My general assumption is that 80%+ of people have ambigious complicated morals. Only a few 'extremists' are really going to stand out as having a definite ideology. Rorschach is definately an 'extremist' and since he isn't an extremist about 'maintaining the balance', I think we have to throw out neutrality as a likely candidate.

Am I chaotic only in as much as I stubbornly maintain that I can, for myself, adequately judge whether I am adhering to that code? Am I only lawful if I allow others' interpretations of that code and my actions to help determine whether I am in accordance with it? I am still chaotic if I maintain that I am the final judge of my adherence but admit to my shortcomings when they are pointed out by others?

The lawful would argue thusly, "Suppose everyone was allowed to judge for themselves whether they were adhering to that code? If everyone was there own judge, then each individual could interpret the code differently, and no one could judge whether they had done so rightly or wrongly. In such a situation, there could be no order. In such a situation, no one could say that they have rightful authority, nor could they ever issue a decree with the expectation that it would be obeyed. Such a situation would be indistinguishable from anarchy where everyone made their own laws, and held themselves to be the judge."

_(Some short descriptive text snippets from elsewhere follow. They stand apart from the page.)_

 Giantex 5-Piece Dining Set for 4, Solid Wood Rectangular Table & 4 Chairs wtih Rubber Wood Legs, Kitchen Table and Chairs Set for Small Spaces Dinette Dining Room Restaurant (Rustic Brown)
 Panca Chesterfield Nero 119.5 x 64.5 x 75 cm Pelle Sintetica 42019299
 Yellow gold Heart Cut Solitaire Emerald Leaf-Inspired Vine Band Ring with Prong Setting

I think of this as the Martin Luther question. Was Luther chaotic for maintaining that the church authorities were incorrect in their interpretation of scripture (i.e. he relied on his own instincts/conscience/reason rather than on their judgment) and rebelling against them?

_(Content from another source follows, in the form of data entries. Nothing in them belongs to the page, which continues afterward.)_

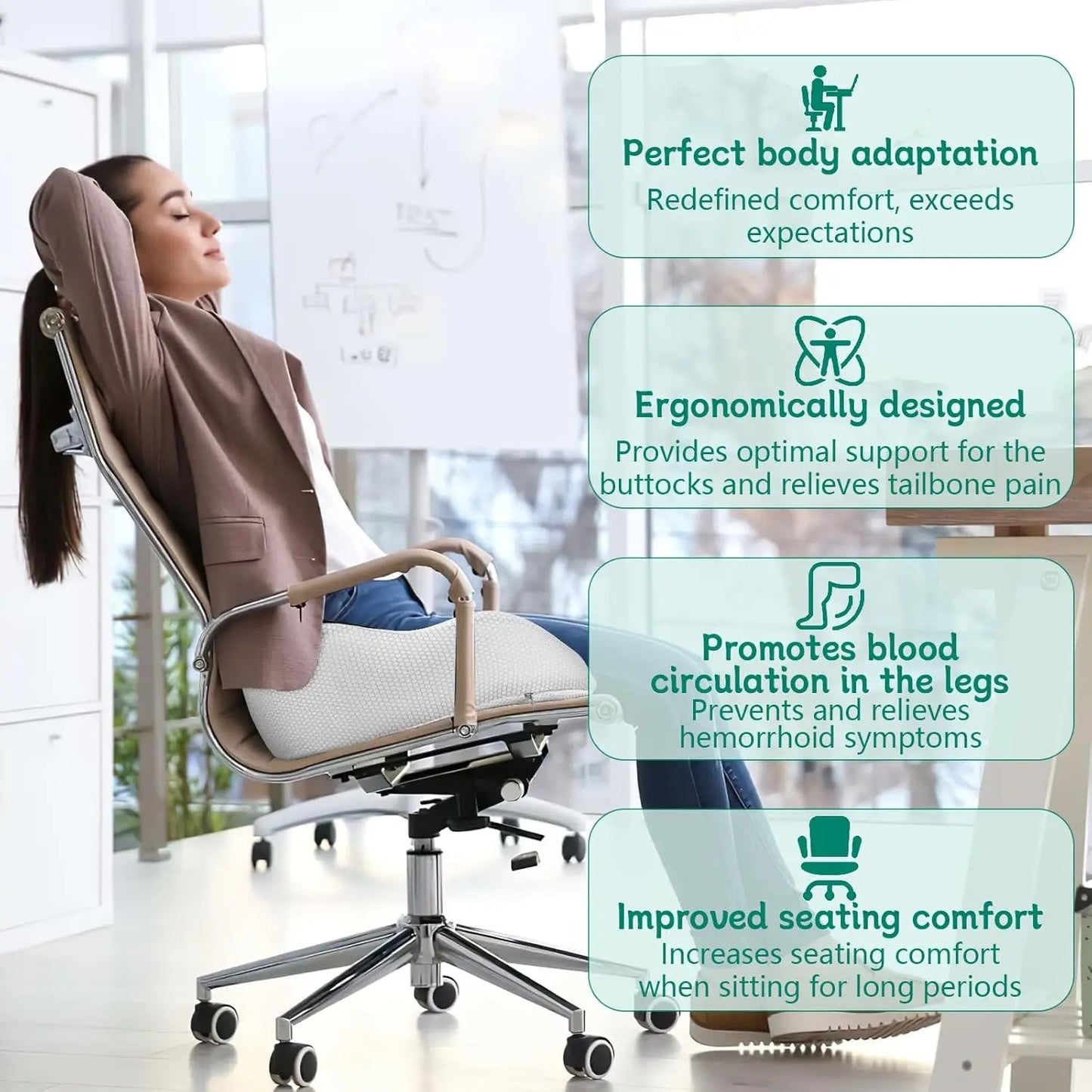 1pc Shape memory foam orthopedic cushion
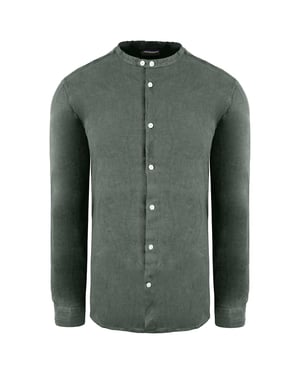 Emporio Armani Regular Fit Herren Dunkelgrünes Hemd
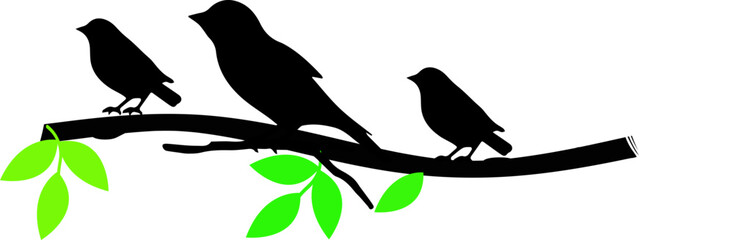 Silhouette Branch Bird Vector Image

I love how you see the heart of the problem clearly. In some cases, we can only answer the question if we know who was right. If Luther was wrong and the church was right, then clearly he is a rebel and clearly his loyalty lies to his own conscious. But if Luther was right and the church was wrong, then its quite possible that it's Luther's loyalty which is true and pure, and the church is the rebel with a corrupt loyalty to its own self-interest.

My position on Luther is too complicated to go into here in much detail, but I would say that the crux for me are two things. First, that Luther was unwilling to become a martyr, and secondly that judged by his fruit, Luther followers had a spirit of contention, division, and strife we would not expect of Lawful minded people. Finally, it's quite possible that both the Luther and the Church were wrong at some levels. (Lest anyone think I'm being too judgmental here, I should say I'm a Protestant myself. Please don't jump me in defense of your personal beliefs, to which I'm probably quite sympathetic, in this forum.)

Or, was he lawful because he was a firm believer in a objective higher law, and, as a servant of that law, attempted to correct the inconsistency?

I think he certainly saw himself in this way, but we aren't always the best judges of ourself. I think personally, he's was a Chaotic follower of his own consciousness who'd been set off by some very hypocritical (and 'not good') actions on the part of those with lawful authority. There are of course other possibilities, but the evidence we would need to make a definitive statement is invisible too us.